In the AclAuthorizationHandler#comparePolicyEntries method, if the priority of the policy cannot be distinguished by resource type or matching mode, the priority of deny should be higher than that of allow.

However, in the current code, if o1's policy is DENY and o2's policy is ALLOW, the method returns 1. This causes o1 to be sorted after o2, resulting in incorrect logic that ALLOW takes precedence over DENY.

Image

Steps to Reproduce

At this stage, since multiple decisions cannot be configured for the same resource, this problem does not occur in practice. We can use test code to verify this problem.

Need make AclAuthorizationHandler#comparePolicyEntries to public for test.

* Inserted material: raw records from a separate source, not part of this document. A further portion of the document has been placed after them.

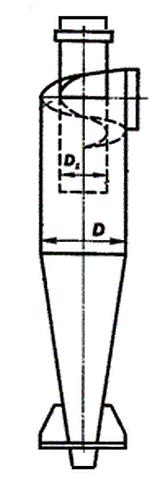 ЦН-15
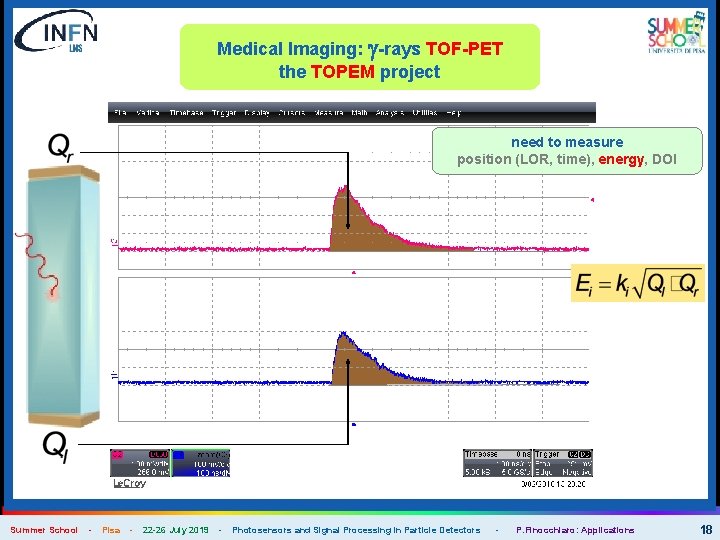 Medical Imaging: g-rays TOF-PET the TOPEM project need to measure position (LOR, time), energy,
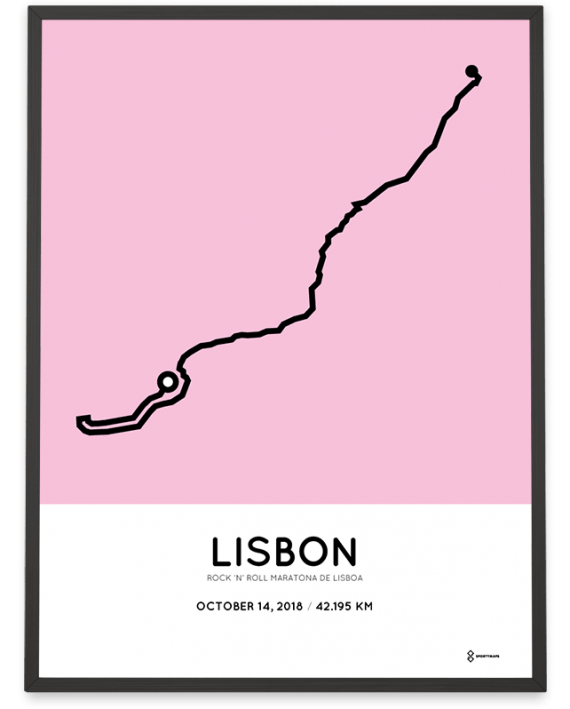 2018 Lisbon marathon course sportymaps poster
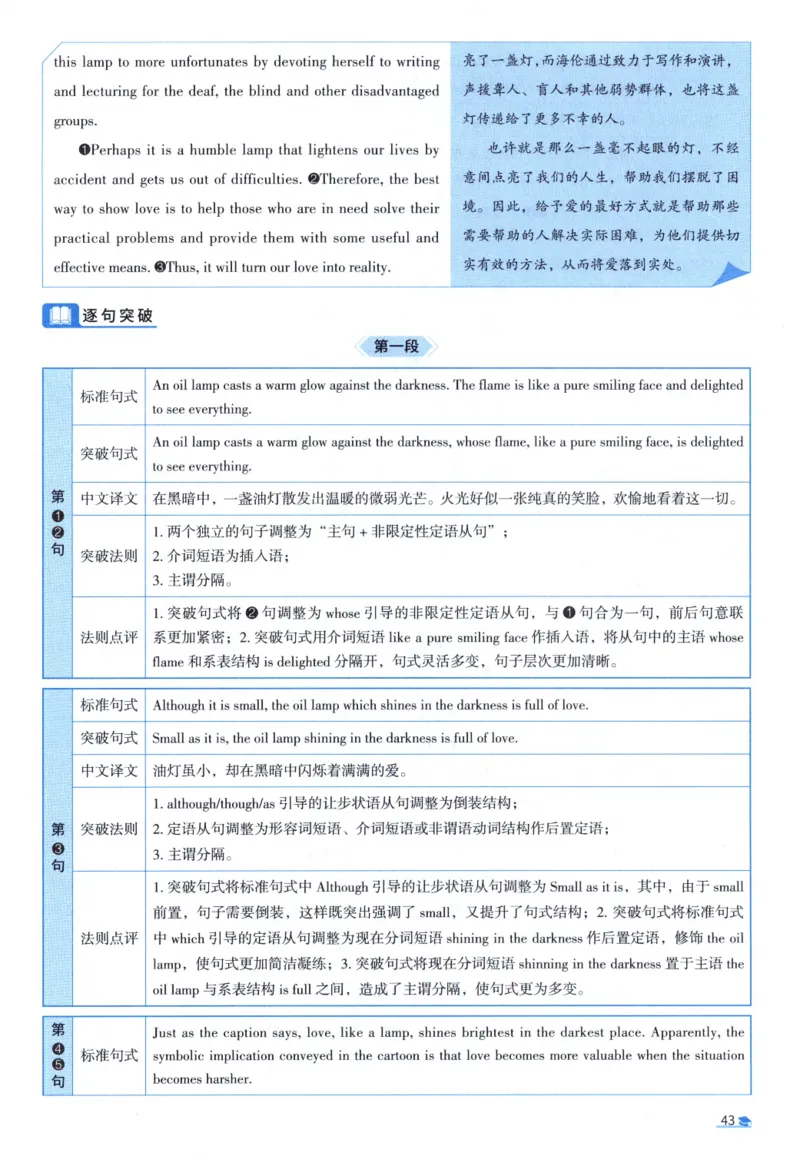 2001考研真相真题解析_考研英语真题（英一＋英二）_1980-2025真题一定要先转存再观看（否则资料不完整）_考研英语二历年真题_❤️4.英语二（逐词逐句）纸质版也是24之前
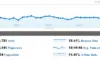 Tech Crates Traffic Report: August 2011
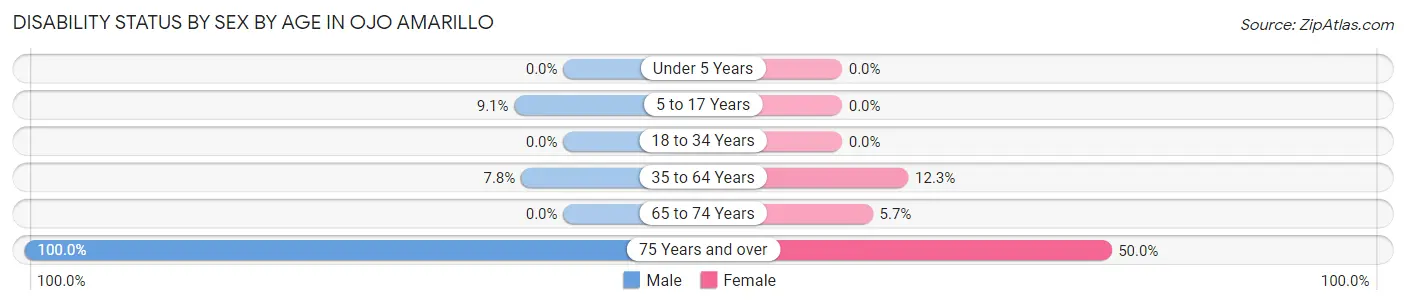 Disability Status by Sex by Age in Ojo Amarillo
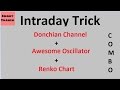 Intraday Trick - Donchian Channel + Awesome Oscillator +Renko Combo(Hindi + English) by Smart Trader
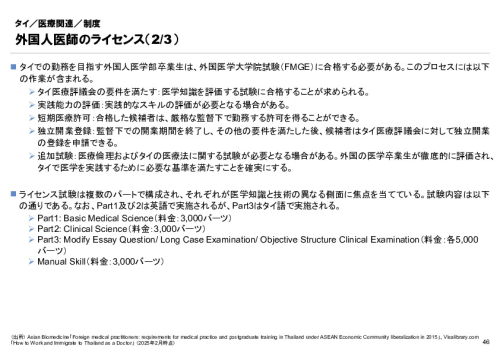 R6年度「医療国際展開カントリーレポート　新興国等のヘルスケア市場環境に関する基本情報　タイ編」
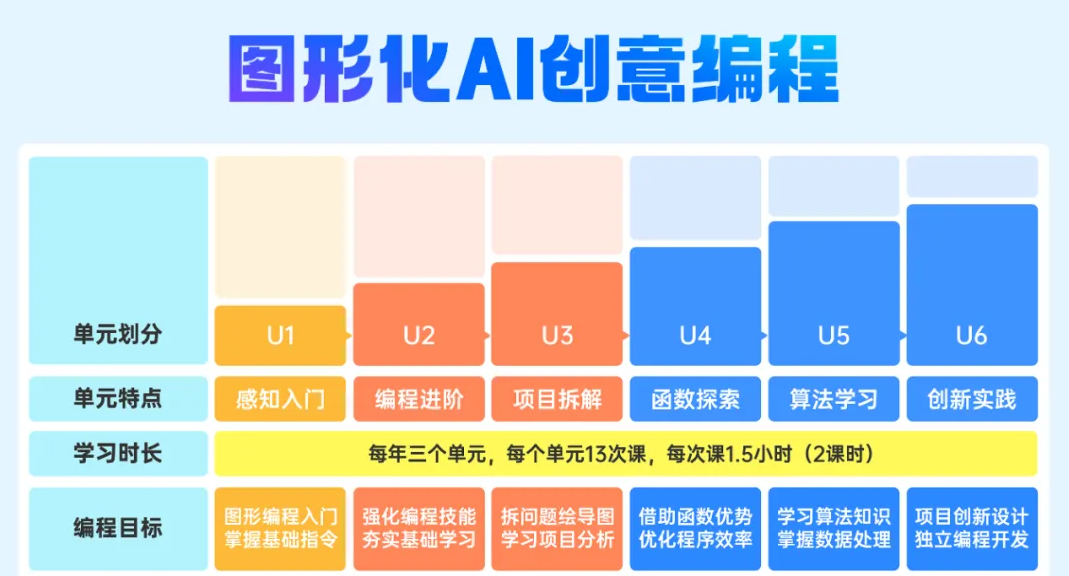 小码王完成数亿元D轮融资,深化AI编程教育生态布局(图4) 小码王完成数亿元D轮融资,深化AI编程教育生态布局(图4)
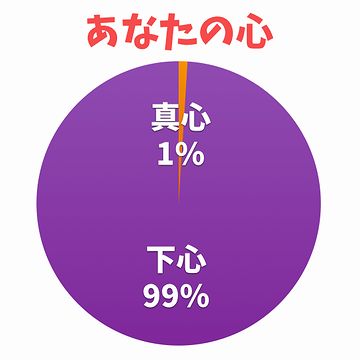指圧の心は下心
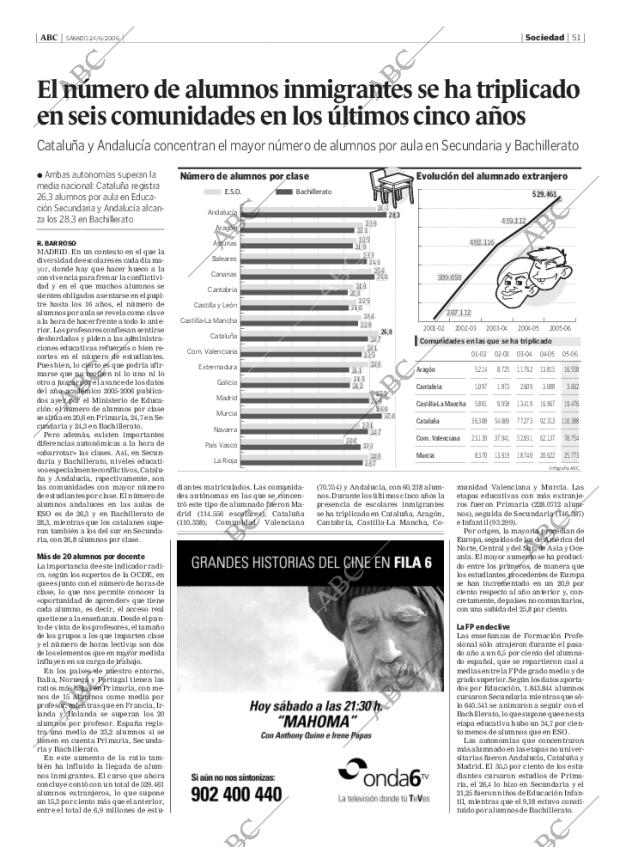 ABC MADRID 24-06-2006 página 51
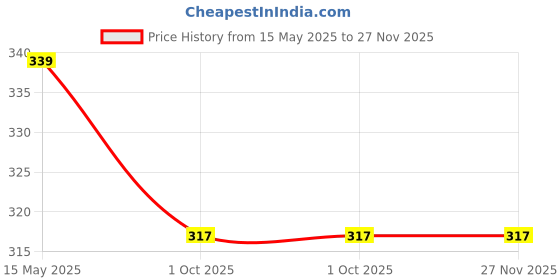 tatacliq.com Paragon Men's Navy Flip Flops paragon Price History Graph from 15 May 2025 to 27 Nov 2025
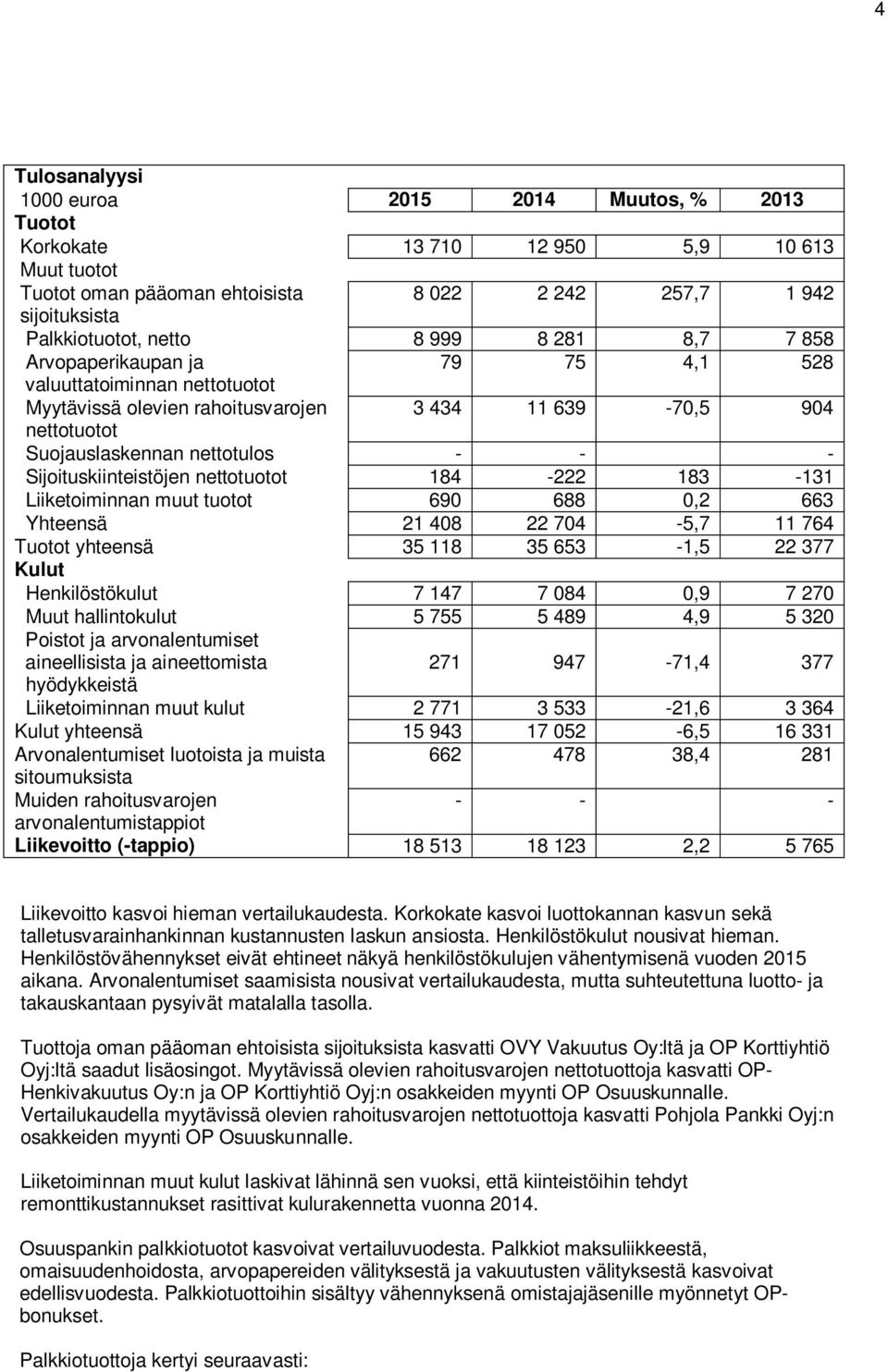 Sijoituskiinteistöjen nettotuotot 184-222 183-131 Liiketoiminnan muut tuotot 690 688 0,2 663 Yhteensä 21 408 22 704-5,7 11 764 Tuotot yhteensä 35 118 35 653-1,5 22 377 Kulut Henkilöstökulut 7 147 7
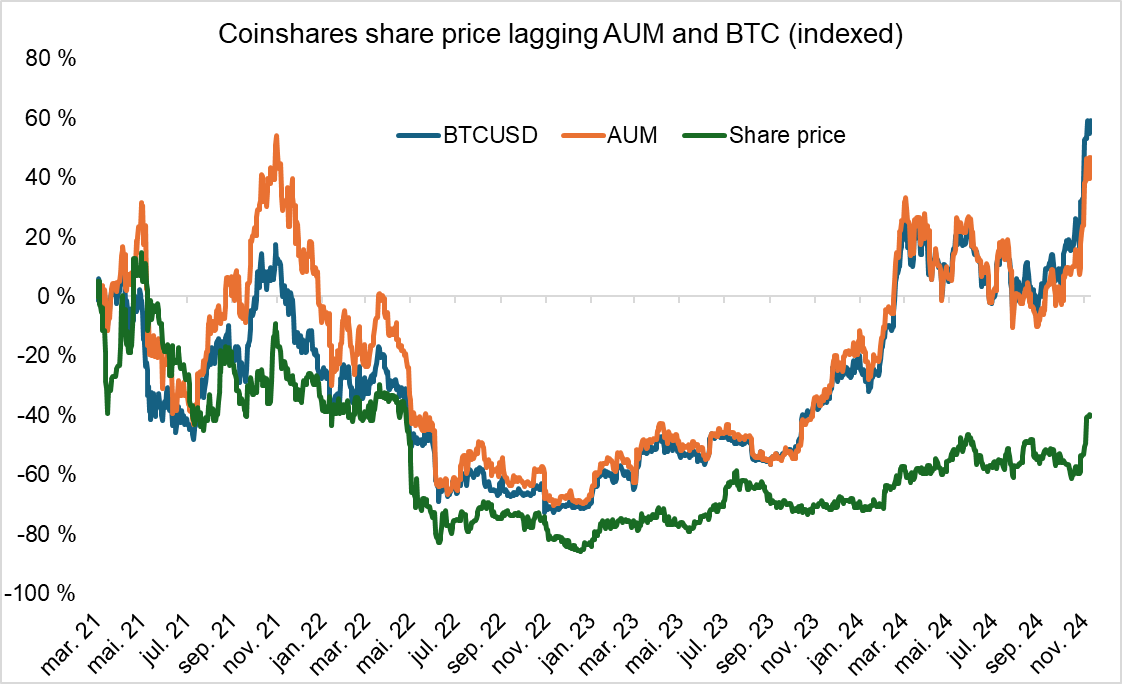 ulf_huse's tweet photo. Om crypto ikke skal til 0 på direkten så ser jo Coinshares ganske spennendes ut på runrate P/E 3x... 

5mrd mcap listet i Sverige $CS

Akkurat startet å betale dividende https://t.co/cI9jOZDbhD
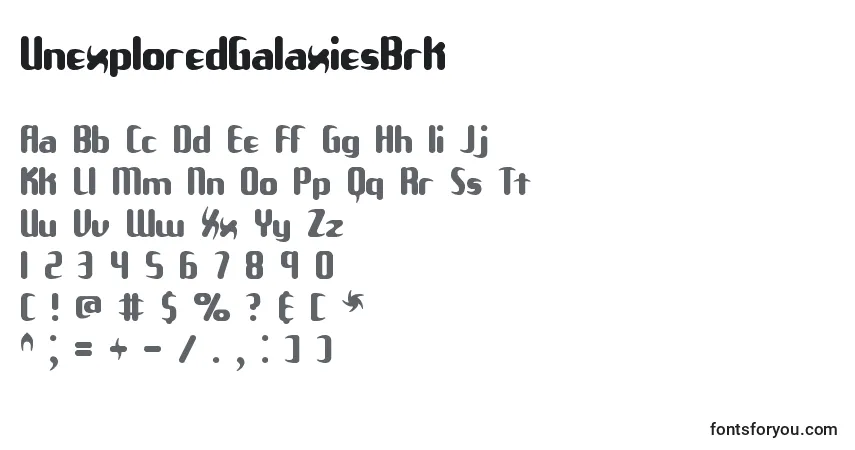 Schriftart UnexploredGalaxiesBrk – Alphabet, Zahlen, spezielle Symbole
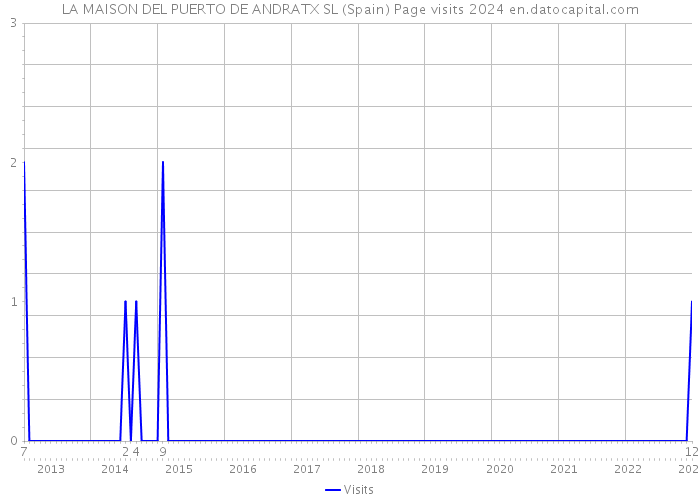 LA MAISON DEL PUERTO DE ANDRATX SL (Spain) Page visits 2024 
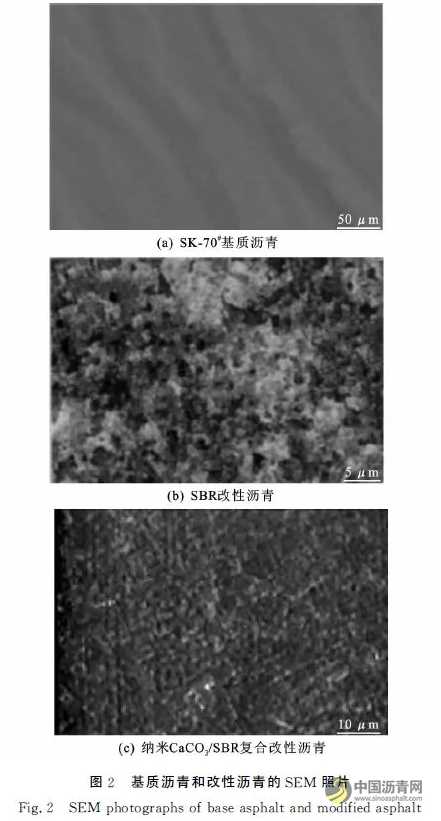 纳米CaCO3SBR复合改性沥青的性能与机理 沥青网，sinoasphalt.com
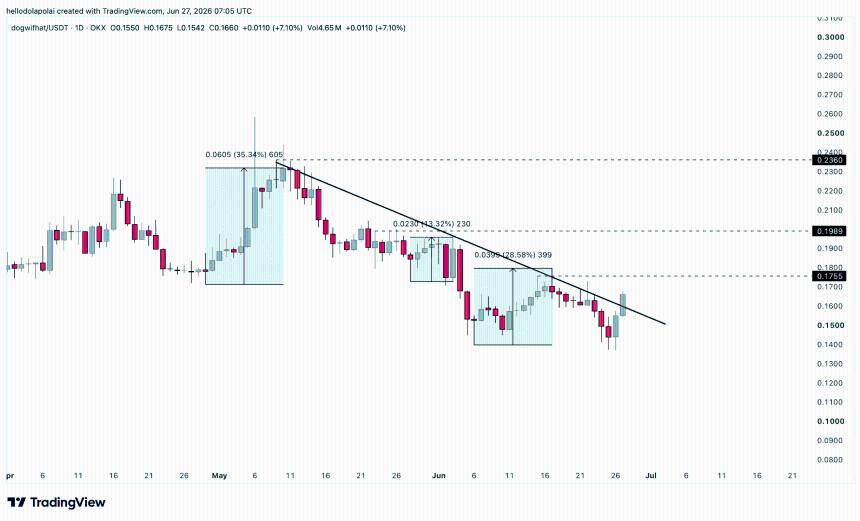 WIF price chart 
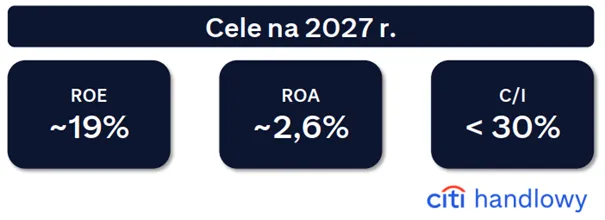 Cele-finansowe-Citi-Handlowy-na-2027-rok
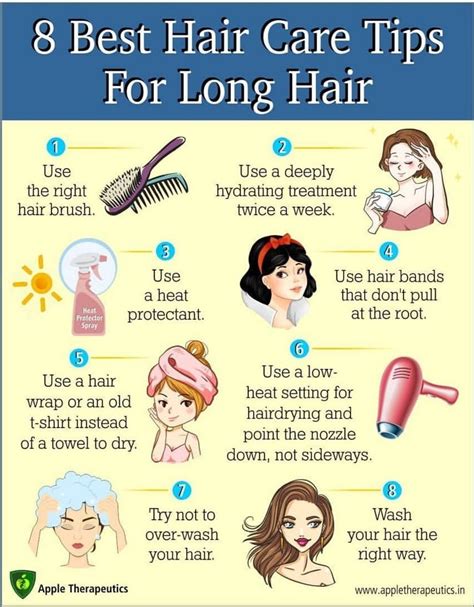 Learn The Abc Of Hair Care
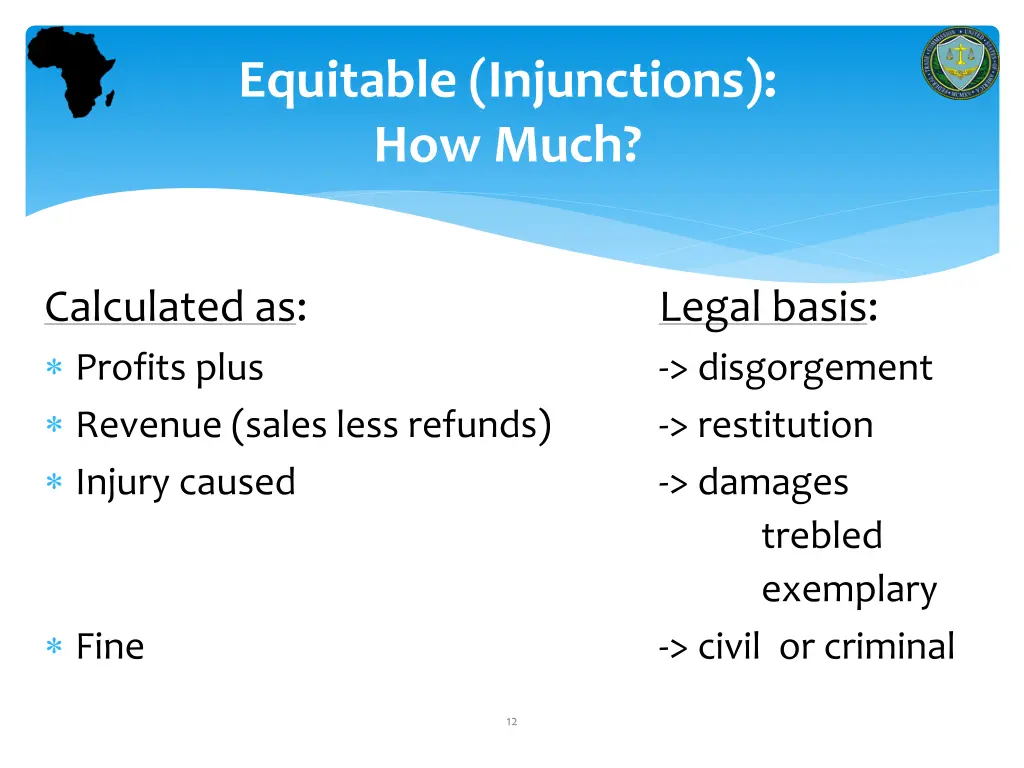 equitable injunctions how much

public static void main(String[] args) {
    AclAuthorizationHandler handler = new AclAuthorizationHandler(new AuthConfig());

    Resource resource = Resource.of(ResourceType.TOPIC, null, ResourcePattern.LITERAL);
    PolicyEntry allow = PolicyEntry.of(resource, Arrays.asList(Action.PUB), null, Decision.ALLOW);
    PolicyEntry deny = PolicyEntry.of(resource, Arrays.asList(Action.PUB), null, Decision.DENY);

    List<PolicyEntry> policyEntries = new ArrayList<>(Arrays.asList(deny, allow));
    policyEntries.sort(handler::comparePolicyEntries);
    PolicyEntry policyEntry = policyEntries.get(0);
    System.out.printf(policyEntry.getDecision().toString());
}
Image

What Did You Expect to See?

Use correct policy judgment logic to give DENY a higher priority than ALLOW.

What Did You See Instead?

If o1 is DENY and o2 is ALLOW, then ALLOW takes precedence over DENY.